Furthermore, it does not follow a strict 7-day cycle (like most competitor’s plans), because at Higher Running we believe some workouts take longer to recover from and adapt to.

Unlike other “cookie-cutter” training plans that just list mileage and a general pace, this Higher Running plan gives you essential specifics on how to do workouts at the right intensity for the most beneficial training stimuli. This plan is derived from the theories and practices of the most legendary distance running coaches and exercise scientists from around the world: Arthur Lydiard, Jack Daniels, Renato Canova, and Peter Pfitzinger to name a few. Also, we highly recommend that before starting this plan you’ve taken a break from racing and are starting fresh with an established a base of at least 2-weeks of easy-paced running of at least 30 miles a week. If you haven’t run a single week over 25 miles (40km) per week in your running career yet, we highly recommend that you take several months (or even a year) to build up your mileage base so you are consistently averaging at least 20 to 25 miles (32km-40km) per week on a regular basis without any serious injury before starting this training program. The plan tops out at 35 to 40miles (56-64km) per week.

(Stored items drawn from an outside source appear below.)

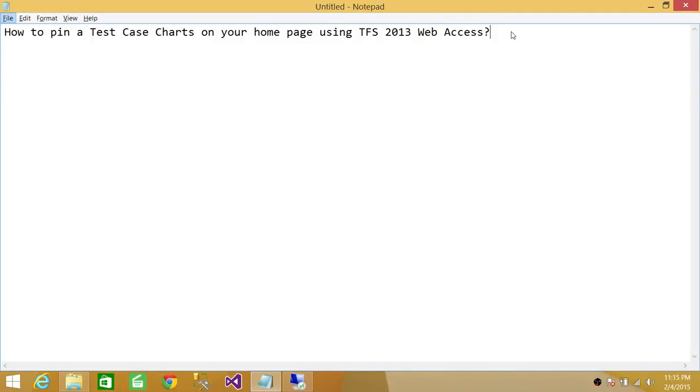Welcome to Tech Brothers. In this video we're going to learn how to pin a test case chart on your home page using Team Foundation Server 2013 web access.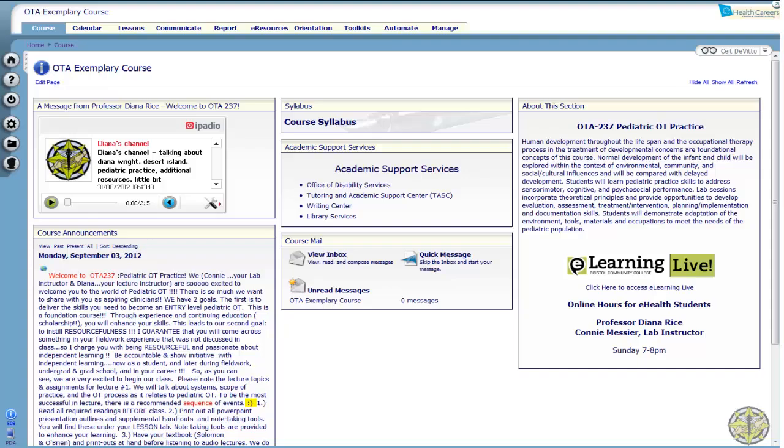Welcome to the Developmental Pediatric Occupational Therapy Online Course at Bristol Community College, also known as OTA 237.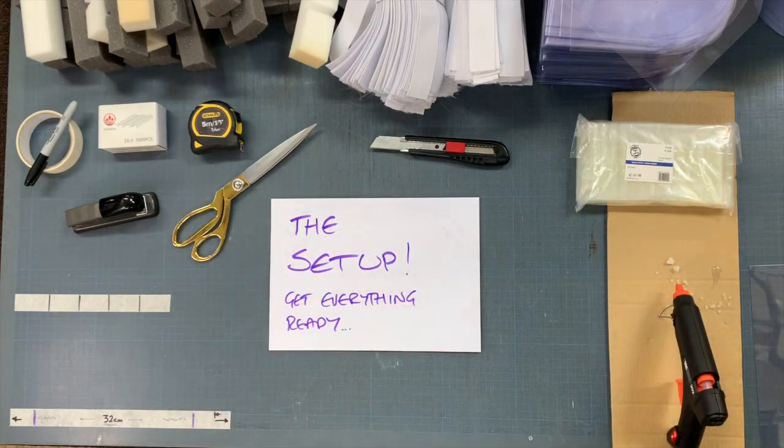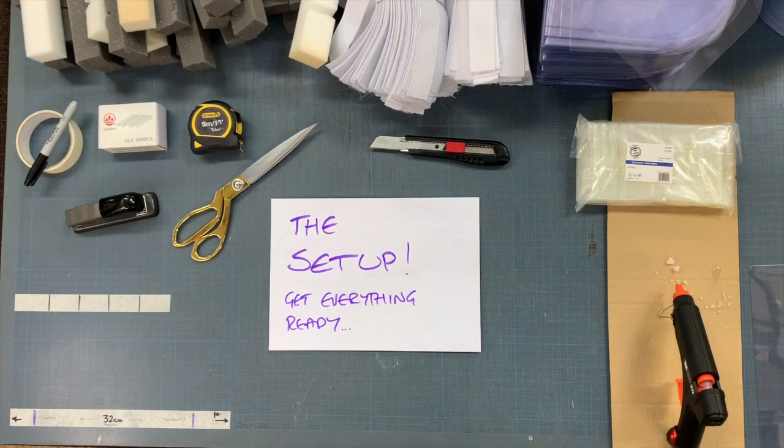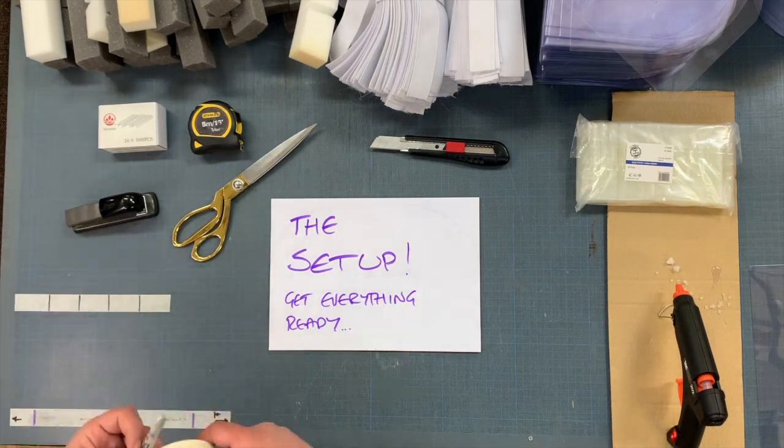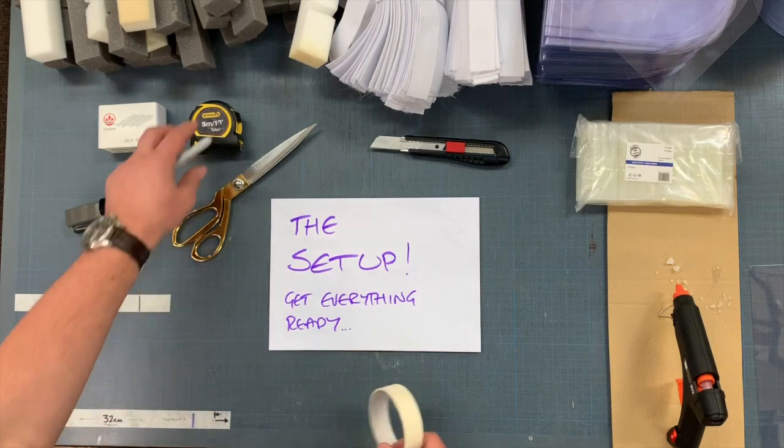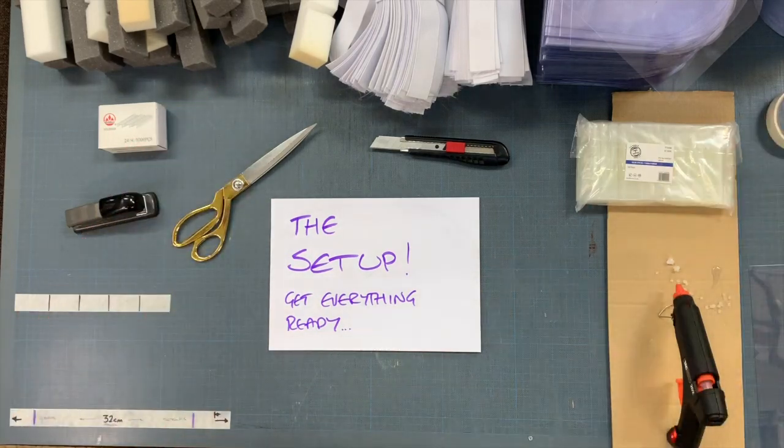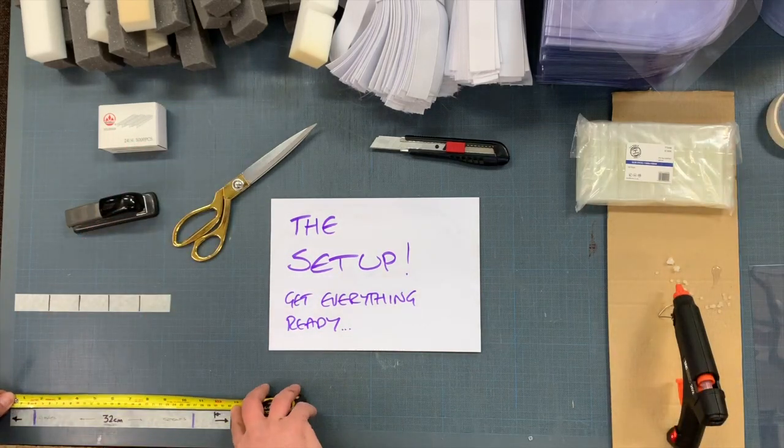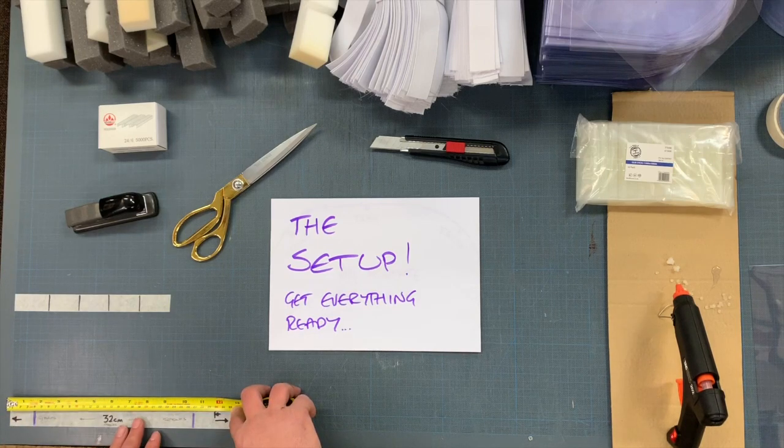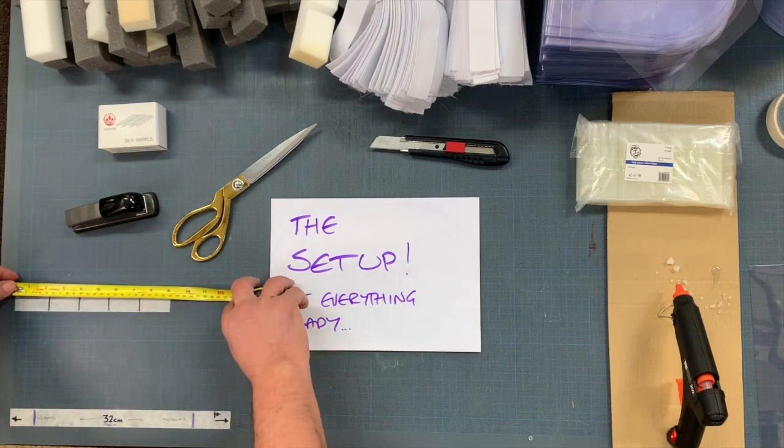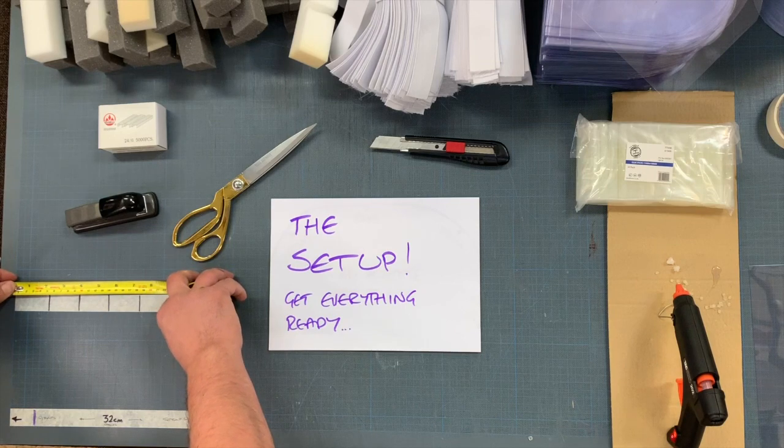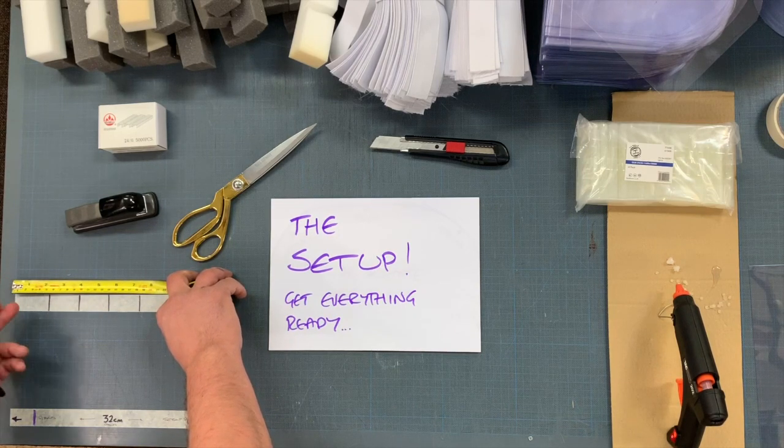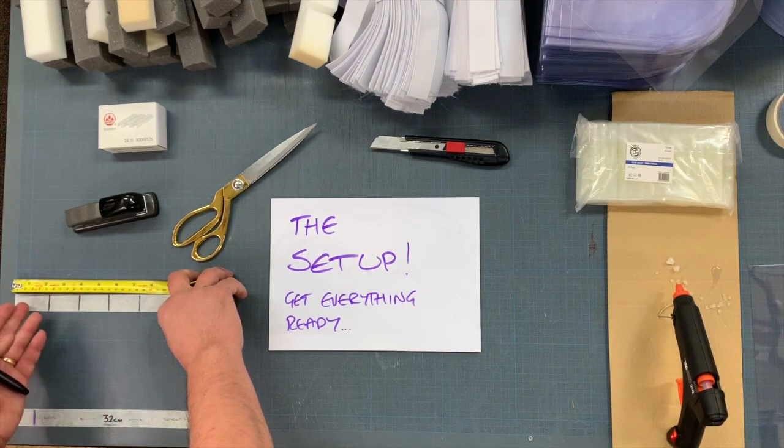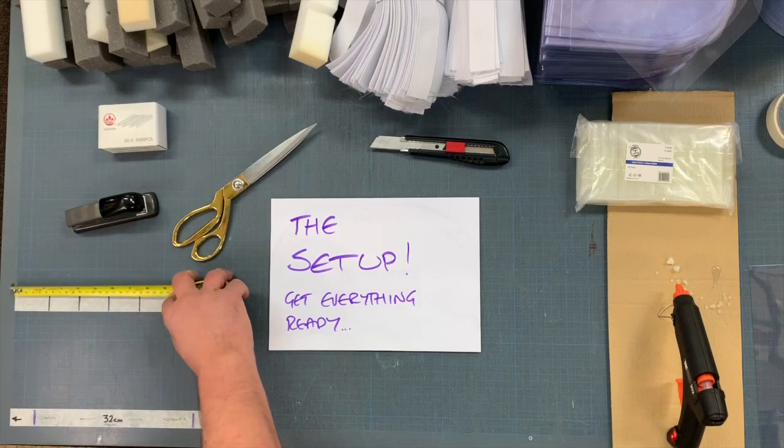It's important to get the setup right first. I've used masking tape to create two strips here. One strip is 32cm in length for cutting the elastic straps. The next one is 23cm in length for your foam blocks. I've then divided that into five sections with four lines.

The training plan comes with both a miles and kilometers version! This plan contains speed workouts and long runs that will help you run faster, stronger, and with more confidence. We call this The “Not So Beginner” Half Marathon Plan because it’s more than just a basic beginner plan that is just meant to get you across the finish line. This plan is for half marathon runners who have run in the 2:15 to 1:40 range and are looking to improve their personal best times.